_Your instructions:_ Range to output from the entries below: the line containing "May include: A collection" through the line containing "a kitchen with stainless". Set it down exactly, ends included, nothing else.

_Provided records:_
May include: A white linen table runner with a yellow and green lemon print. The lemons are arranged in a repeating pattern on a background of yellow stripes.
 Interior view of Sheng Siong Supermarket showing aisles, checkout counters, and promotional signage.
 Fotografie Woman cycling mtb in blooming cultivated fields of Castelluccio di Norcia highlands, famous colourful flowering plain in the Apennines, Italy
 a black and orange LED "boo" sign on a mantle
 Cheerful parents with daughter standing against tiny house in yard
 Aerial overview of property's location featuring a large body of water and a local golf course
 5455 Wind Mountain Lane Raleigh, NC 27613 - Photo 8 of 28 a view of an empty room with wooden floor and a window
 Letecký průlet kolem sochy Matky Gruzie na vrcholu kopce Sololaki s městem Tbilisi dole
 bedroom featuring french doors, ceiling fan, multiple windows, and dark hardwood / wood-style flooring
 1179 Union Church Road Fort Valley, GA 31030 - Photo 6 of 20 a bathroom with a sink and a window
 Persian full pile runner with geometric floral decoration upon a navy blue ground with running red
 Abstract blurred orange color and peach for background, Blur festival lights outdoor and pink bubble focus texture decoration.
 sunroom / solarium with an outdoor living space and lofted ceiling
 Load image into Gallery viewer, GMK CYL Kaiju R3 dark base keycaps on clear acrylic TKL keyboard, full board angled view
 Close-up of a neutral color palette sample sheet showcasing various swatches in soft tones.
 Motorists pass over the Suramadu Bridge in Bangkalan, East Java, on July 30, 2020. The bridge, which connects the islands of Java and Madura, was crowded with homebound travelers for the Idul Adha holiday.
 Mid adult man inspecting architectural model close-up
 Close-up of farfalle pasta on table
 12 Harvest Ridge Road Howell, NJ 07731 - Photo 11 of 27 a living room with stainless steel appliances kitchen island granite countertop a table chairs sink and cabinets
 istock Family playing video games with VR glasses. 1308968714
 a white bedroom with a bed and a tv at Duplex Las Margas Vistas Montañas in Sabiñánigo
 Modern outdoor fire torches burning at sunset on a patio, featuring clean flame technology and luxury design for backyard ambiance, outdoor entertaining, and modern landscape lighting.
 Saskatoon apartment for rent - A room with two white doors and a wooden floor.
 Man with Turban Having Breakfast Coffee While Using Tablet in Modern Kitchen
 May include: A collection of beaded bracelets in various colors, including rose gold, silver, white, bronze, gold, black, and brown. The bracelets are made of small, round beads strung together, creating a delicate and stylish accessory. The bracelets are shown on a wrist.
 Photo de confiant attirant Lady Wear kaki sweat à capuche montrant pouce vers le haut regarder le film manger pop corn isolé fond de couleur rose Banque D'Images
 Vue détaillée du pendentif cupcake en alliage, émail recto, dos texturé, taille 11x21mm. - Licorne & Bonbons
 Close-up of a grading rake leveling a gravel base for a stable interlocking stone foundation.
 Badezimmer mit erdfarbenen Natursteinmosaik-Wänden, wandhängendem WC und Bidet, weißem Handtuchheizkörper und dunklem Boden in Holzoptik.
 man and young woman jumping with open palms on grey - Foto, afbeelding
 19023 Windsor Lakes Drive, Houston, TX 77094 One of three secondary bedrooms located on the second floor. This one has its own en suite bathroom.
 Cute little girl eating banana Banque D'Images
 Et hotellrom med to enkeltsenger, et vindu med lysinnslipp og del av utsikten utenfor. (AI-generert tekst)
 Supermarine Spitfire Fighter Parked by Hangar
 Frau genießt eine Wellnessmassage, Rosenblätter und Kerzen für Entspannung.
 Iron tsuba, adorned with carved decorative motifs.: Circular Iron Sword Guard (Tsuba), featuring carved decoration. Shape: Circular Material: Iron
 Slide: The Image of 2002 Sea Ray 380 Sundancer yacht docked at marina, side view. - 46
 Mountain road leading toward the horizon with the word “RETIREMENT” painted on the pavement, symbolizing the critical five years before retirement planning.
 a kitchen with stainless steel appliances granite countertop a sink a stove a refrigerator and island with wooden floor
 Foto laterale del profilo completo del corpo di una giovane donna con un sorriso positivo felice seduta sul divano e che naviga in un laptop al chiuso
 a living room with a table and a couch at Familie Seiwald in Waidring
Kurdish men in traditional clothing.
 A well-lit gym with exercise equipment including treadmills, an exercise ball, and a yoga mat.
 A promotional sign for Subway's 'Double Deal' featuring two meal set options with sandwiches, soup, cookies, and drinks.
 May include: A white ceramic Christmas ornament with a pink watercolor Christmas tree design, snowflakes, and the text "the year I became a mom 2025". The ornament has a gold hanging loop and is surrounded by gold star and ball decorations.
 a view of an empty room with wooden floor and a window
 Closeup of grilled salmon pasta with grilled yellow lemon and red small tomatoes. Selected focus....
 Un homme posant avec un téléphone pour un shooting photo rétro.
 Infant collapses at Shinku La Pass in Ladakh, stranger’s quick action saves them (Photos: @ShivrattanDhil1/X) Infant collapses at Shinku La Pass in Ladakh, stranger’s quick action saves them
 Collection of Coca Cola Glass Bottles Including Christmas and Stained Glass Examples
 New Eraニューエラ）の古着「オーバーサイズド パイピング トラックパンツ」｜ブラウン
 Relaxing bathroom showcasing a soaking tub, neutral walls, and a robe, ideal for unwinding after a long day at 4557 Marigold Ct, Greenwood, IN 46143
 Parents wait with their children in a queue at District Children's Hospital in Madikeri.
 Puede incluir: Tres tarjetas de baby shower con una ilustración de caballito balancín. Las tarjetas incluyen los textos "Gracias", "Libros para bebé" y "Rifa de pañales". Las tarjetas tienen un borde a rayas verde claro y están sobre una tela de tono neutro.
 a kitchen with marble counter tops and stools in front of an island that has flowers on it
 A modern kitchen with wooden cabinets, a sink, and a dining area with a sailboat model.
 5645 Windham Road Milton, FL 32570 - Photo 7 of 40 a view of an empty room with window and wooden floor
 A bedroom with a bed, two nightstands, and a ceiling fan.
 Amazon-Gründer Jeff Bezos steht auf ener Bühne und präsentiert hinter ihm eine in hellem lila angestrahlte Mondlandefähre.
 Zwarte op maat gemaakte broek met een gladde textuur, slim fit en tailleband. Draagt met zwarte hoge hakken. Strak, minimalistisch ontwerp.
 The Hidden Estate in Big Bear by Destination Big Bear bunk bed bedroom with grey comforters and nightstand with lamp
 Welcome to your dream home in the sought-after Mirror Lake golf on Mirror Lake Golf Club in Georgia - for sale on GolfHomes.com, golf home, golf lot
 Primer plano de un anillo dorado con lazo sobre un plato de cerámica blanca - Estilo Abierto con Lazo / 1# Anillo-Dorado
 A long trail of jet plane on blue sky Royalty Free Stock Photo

_Worked solution:_
 May include: A collection of beaded bracelets in various colors, including rose gold, silver, white, bronze, gold, black, and brown. The bracelets are made of small, round beads strung together, creating a delicate and stylish accessory. The bracelets are shown on a wrist.
 Photo de confiant attirant Lady Wear kaki sweat à capuche montrant pouce vers le haut regarder le film manger pop corn isolé fond de couleur rose Banque D'Images
 Vue détaillée du pendentif cupcake en alliage, émail recto, dos texturé, taille 11x21mm. - Licorne & Bonbons
 Close-up of a grading rake leveling a gravel base for a stable interlocking stone foundation.
 Badezimmer mit erdfarbenen Natursteinmosaik-Wänden, wandhängendem WC und Bidet, weißem Handtuchheizkörper und dunklem Boden in Holzoptik.
 man and young woman jumping with open palms on grey - Foto, afbeelding
 19023 Windsor Lakes Drive, Houston, TX 77094 One of three secondary bedrooms located on the second floor. This one has its own en suite bathroom.
 Cute little girl eating banana Banque D'Images
 Et hotellrom med to enkeltsenger, et vindu med lysinnslipp og del av utsikten utenfor. (AI-generert tekst)
 Supermarine Spitfire Fighter Parked by Hangar
 Frau genießt eine Wellnessmassage, Rosenblätter und Kerzen für Entspannung.
 Iron tsuba, adorned with carved decorative motifs.: Circular Iron Sword Guard (Tsuba), featuring carved decoration. Shape: Circular Material: Iron
 Slide: The Image of 2002 Sea Ray 380 Sundancer yacht docked at marina, side view. - 46
 Mountain road leading toward the horizon with the word “RETIREMENT” painted on the pavement, symbolizing the critical five years before retirement planning.
 a kitchen with stainless steel appliances granite countertop a sink a stove a refrigerator and island with wooden floor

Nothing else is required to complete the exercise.